Collected material
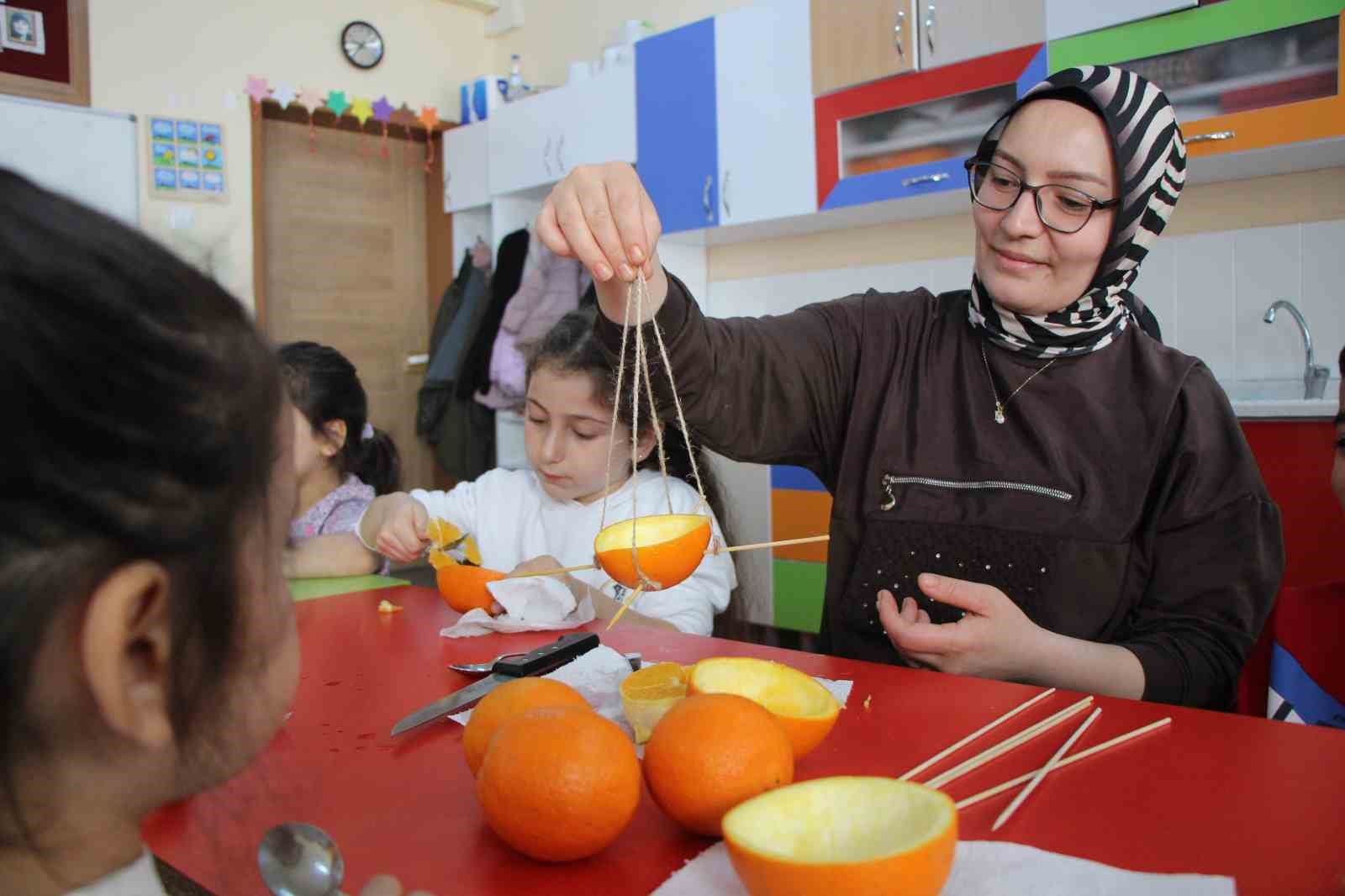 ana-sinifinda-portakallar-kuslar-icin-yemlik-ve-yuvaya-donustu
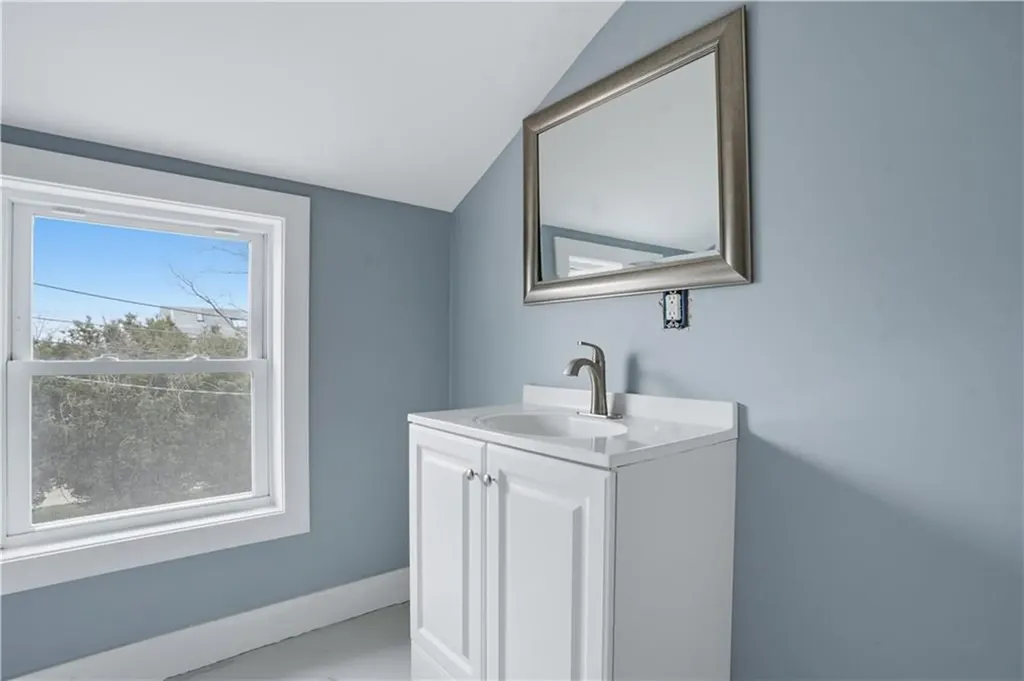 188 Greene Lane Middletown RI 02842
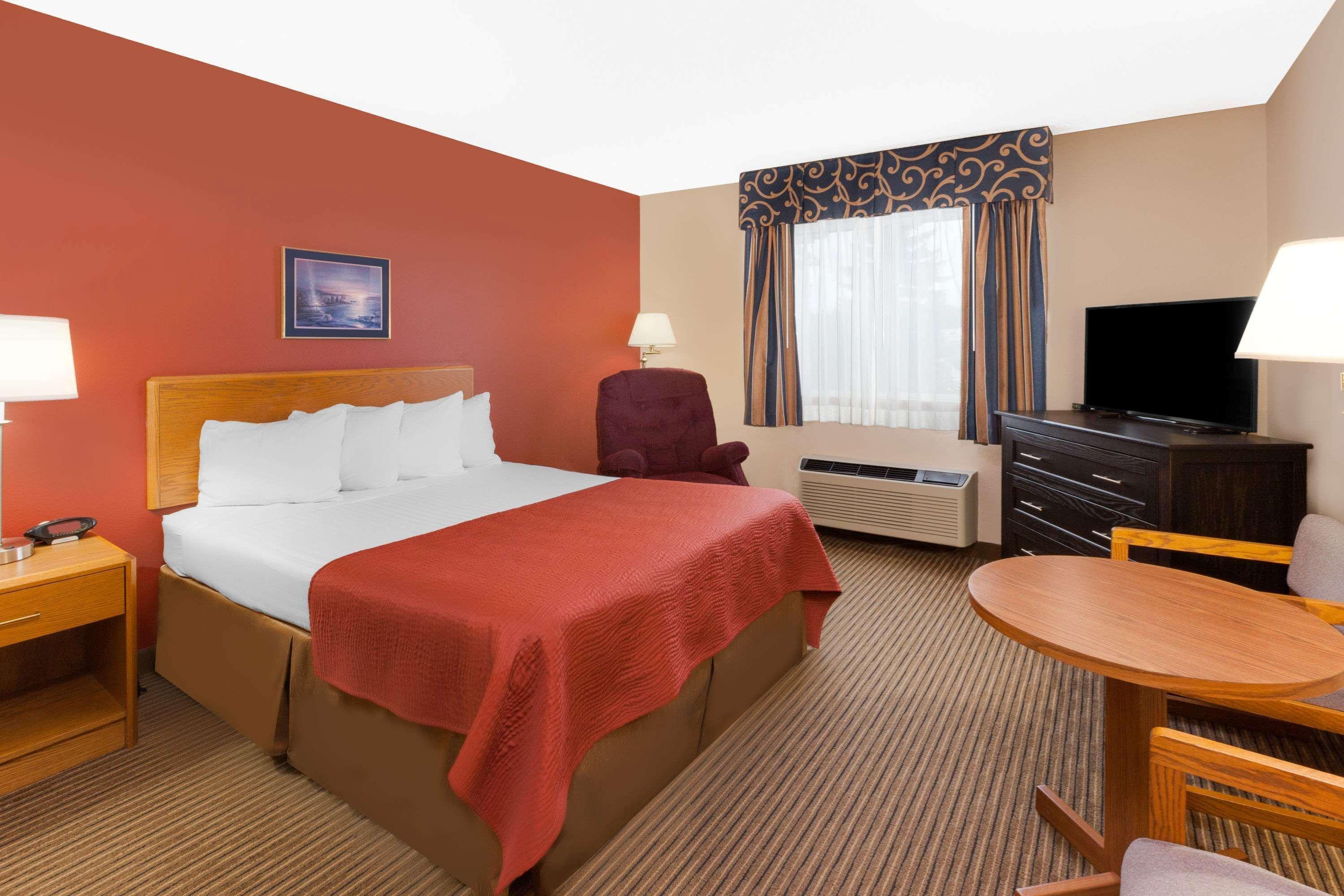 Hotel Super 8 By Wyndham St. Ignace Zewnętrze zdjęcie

Work task
The answer must be the listing above, restated word for word, with no images in it.

Result below
 ana-sinifinda-portakallar-kuslar-icin-yemlik-ve-yuvaya-donustu
 188 Greene Lane Middletown RI 02842
 Hotel Super 8 By Wyndham St. Ignace Zewnętrze zdjęcie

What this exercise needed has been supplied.